There were no resolved issues in this release.

24.1.0

New Features

  • The new ModelSummarize action has been added. This action allows you to use a third-party vector model to summarize a document or set of documents. This option requires you to configure a generative model in the [Generative] configuration section. For more information, refer to the QMS Help.

  • The vector embeddings that the vector generator returns now include offset information. Each embedding has the start and end byte offsets of the chunk of text that corresponds to the embedding, and the length of the chunk, in bytes.

    This change is always on for the SentenceTransformer module. For the Lua module, you can choose whether to return the offset information from the generateembeddings Lua function. To return offsets, the generateembeddings must return two tables; the first is the embeddings, and the second is the offsets.

    The ModelEncode action returns the offset information as attributes of the vector in the response.

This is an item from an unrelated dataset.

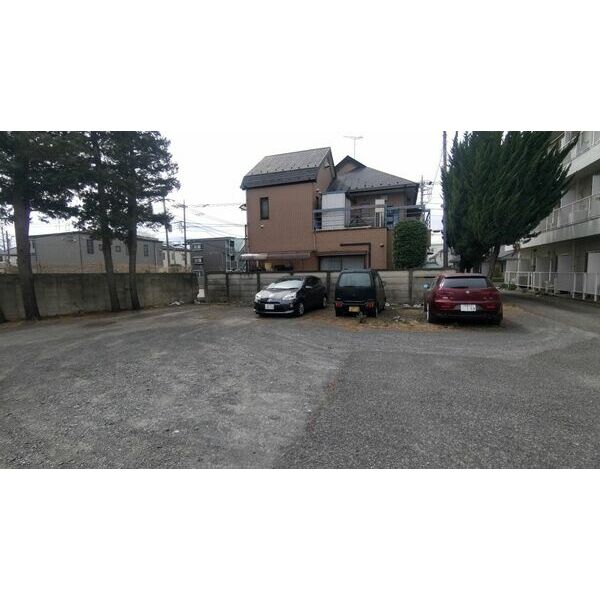 20/27 駐車場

  • The new configuration parameters ModelSequenceOverlap and ModelMinimumFinalSequenceLength have been added to allow you to control how QMS splits the text used to generate embeddings when multiple embeddings are required. For more information, refer to the QMS Help.

Resolved Issues

  • When processing query texts with synonym rules (that is, setting ExpandQuery to True), QMS removed terms from the query text that were followed by a colon.

23.4.0

New Features

  • QMS can now provide a spell checked version of original query text, rather than the expanded query, when you send a query with the ExpandQuery and SpellCheck parameters set to True. Previously, QMS returned a corrected version of the expanded query.

    To use this feature, you must set the SpellCheckShowOriginal parameter to True in the Content component configuration.

  • You can now configure QMS to create embeddings to use in your IDOL Content component index for vector searches. The new [Embeddings] configuration section allows you to set the location of your model files. You then generate the embeddings by using the new ModelEncode action.

    [Embeddings]
    0=SentenceTransformer [SentenceTransformer] Type=Transformer ModelPath=C:\modelfiles\model.pt TokenizerPath=C:\modelfiles\tokenizer.spiece.model ModelMaxSequenceLength=128
    action=ModelEncode&Model=SentenceTransformer&Text=my%20text

    For more information, refer to the QMS Help.

Resolved Issues

There were no resolved issues in this release.

23.3.0

New in this Release

There were no new features in this release.

Resolved Issues

  • When using QMS through IDOL Admin, the ExpandNames parameter did not work, because the responseformat=json parameter was incorrectly passed from IDOL Admin through to the name variant library.

  • When IntentRankedQuery was activated, if Content did not return any results, QMS incorrectly returned a BADPARAMETER error.

23.2.0

New in this Release

  • QMS can now expand names in query text to include other variants of the same name, such as variants that use initials or titles, nicknames, phonetically similar names, and translations.

    NOTE: This feature requires the IDOL Eduction combined_names.ecr grammar and pii_postprocessing.lua script, which you must obtain from the IDOL Eduction Grammars package.

    To use the new expansions, you must configure the locations of the required Eduction grammar, and some data files that are included in your QMS package.

    [NameVariants]
    GrammarDirectory=grammars/pii
    DataDirectory=staticdata

    You can then send a query with the new ExpandNames parameter to expand any names in the original query with the matching variants. For example:

    action=Query&Text=John Smith&ExpandNames=True

    For more information, refer to the Query Manipulation Server Help.

Resolved Issues

  • When queries were sent through QMS, the <autn:predicted> tag (indicating whether the reported totalresults value was estimated or exact) always returned with value false (regardless of whether prediction was used or not).